When police raided the home of Ottawa journalist Juliet O'Neill in January of 2004, an editor said it constituted one of the blackest days for freedom of the press in this country. It still does. It does until Ms. O'Neill is totally cleared. It does until a verdict is posted that drives a stake through those who believe that intimidation of this sort has any place in Canada.
To refresh the memory, Ms. O'Neill, a scrupulous reporter of long and good standing, was spied on and her home and office raided after she wrote an article in the Ottawa Citizen about Maher Arar, a Canadian citizen deported to Syria by U.S. authorities in 2002 on the basis of alleged terrorist ties. The article said the RCMP had identified Mr. Arar as a possible member of an Ottawa-based al-Qaeda support group.

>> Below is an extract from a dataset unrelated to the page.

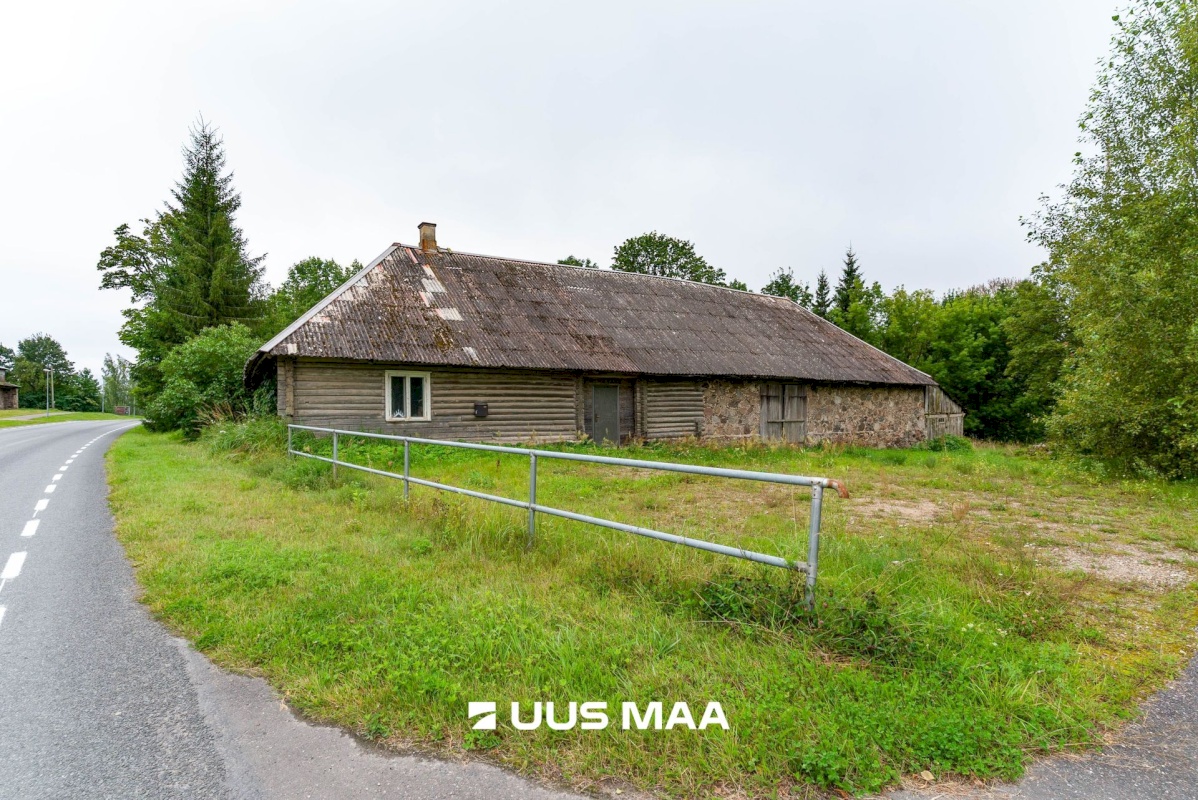 Viljandi vald, Saarepeedi küla, Kooli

The Mounties obtained search warrants under the post-9/11 Security of Information Act, maintaining that the journalist's story was based on secret government information.
The matter is before the courts this week, with the Ottawa Citizen seeking to have the search warrants declared unconstitutional. Under the Security of Information Act, Ms. O'Neill could face criminal charges and the possibility of up to 14 years in prison if found guilty.

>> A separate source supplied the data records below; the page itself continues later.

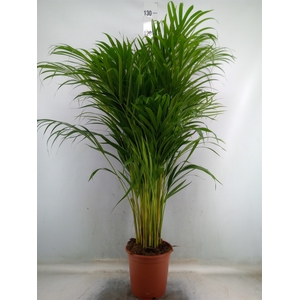 Dypsis lutescens   ...Chrysalidoca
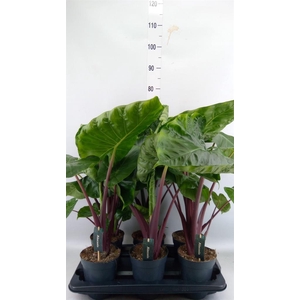 Alocasia   ...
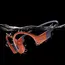 SHOKZ S710-ST-RD Headphones - Open-ear, Wireless, Built-in Microphone, IP68, Red, 2YR, imagen 8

Ms. O'Neill's article cited "a security source" and a leaked document offering details of what Mr. Arar allegedly said under torture in Syria. The use of leaked information is what journalism often thrives on, to enlighten the public on what is going on behind closed doors. In this great democracy of ours, that's a crime?
Ms. O'Neill's lawyers made the point in court this week that the Security of Information Act is so vague as to contain no definition of "secret" information. Conceivably, the police could pursue any journalist receiving government information if that information were not sanctioned for release. That's the type of thing that used to go on in police states such as the Soviet Union. That's why the case against Ms. O'Neill needs to disappear.

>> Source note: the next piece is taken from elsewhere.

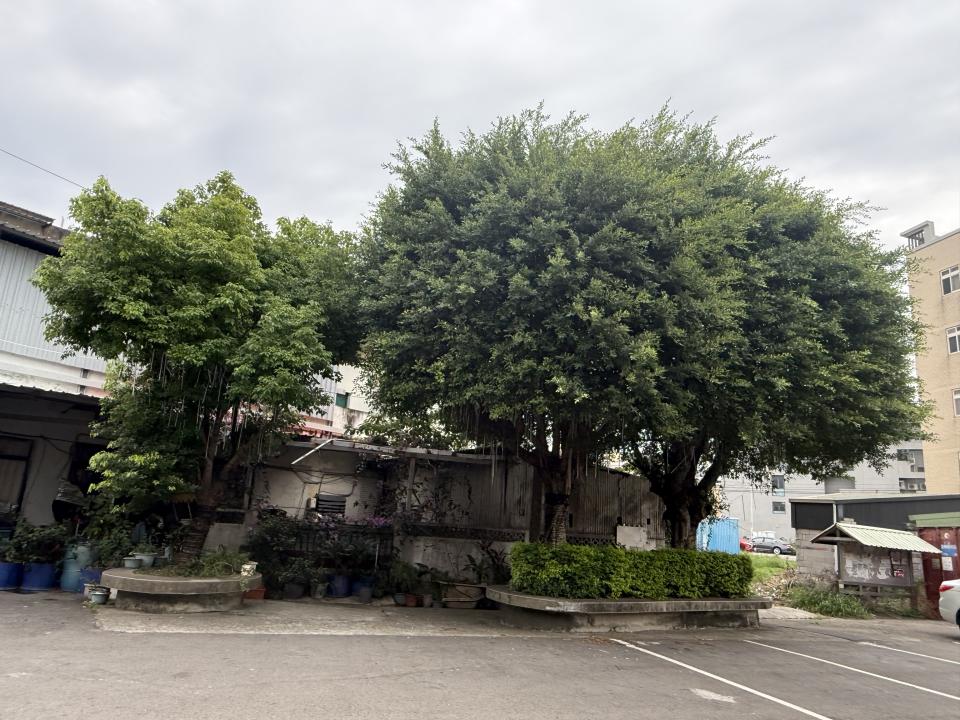 園藝維護案件圖片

The Citizen was right to publish Ms. O'Neill's story. When the press starts withholding information for reasons of "national security" -- which can be defined so as to include most anything -- look out. The slippery slope? You're on it.
The New York Times got on that slope a while ago -- and went all the way down it. The Times withheld a story for a year on the Bush administration's secret program of warrantless domestic eavesdropping. It did so at the urging of the White House: reasons of national security. The Times's decision had potentially huge consequences. Had the story, uncovered just before the 2004 election, been printed, the damage might have been enough to tip the vote to the Democrats. All the Democrats needed was a changeover of 60,000 votes in one state (Ohio) to win. But the Times was under the gun for previous transgressions. It lost its nerve. It failed the public interest.
A case similar to the one involving Ms. O'Neill occurred when the RCMP went after reporter Andrew McIntosh to find out his sources and to retrieve a document in connection with a story he wrote on the Shawinigate controversy. Ironically, on the very day that Ms. O'Neill's home and office were being raided, an Ontario Superior Court judge ruled in favour of Mr. McIntosh, saying a search warrant that would have forced him to reveal a confidential source should never have been granted. "Freedom of expression is a cornerstone of our society," wrote Madam Justice Mary Lou Benotto. "Confidential sources are essential to the effective functioning of the media in a free and democratic society."
This week, the Crown filed an ominous-sounding factum in the O'Neill case. The Crown appeared to be arguing that the media's publication of any security-related information beyond what is authorized under the government's Access to Information Act can be grounds for criminal charges. Disclosure under the 1983 act can take months or years and, at that, large portions are often blacked out. But try to get around it, the Crown seems to be telling journalists, and you risk being charged with a criminal offence.
That's how serious this whole thing is getting. That's the type of intimidation that the post-9/11 environment has wrought. That's why the O'Neill case is so important. That's why the courts must respond with a clarion declaration that this is a free society.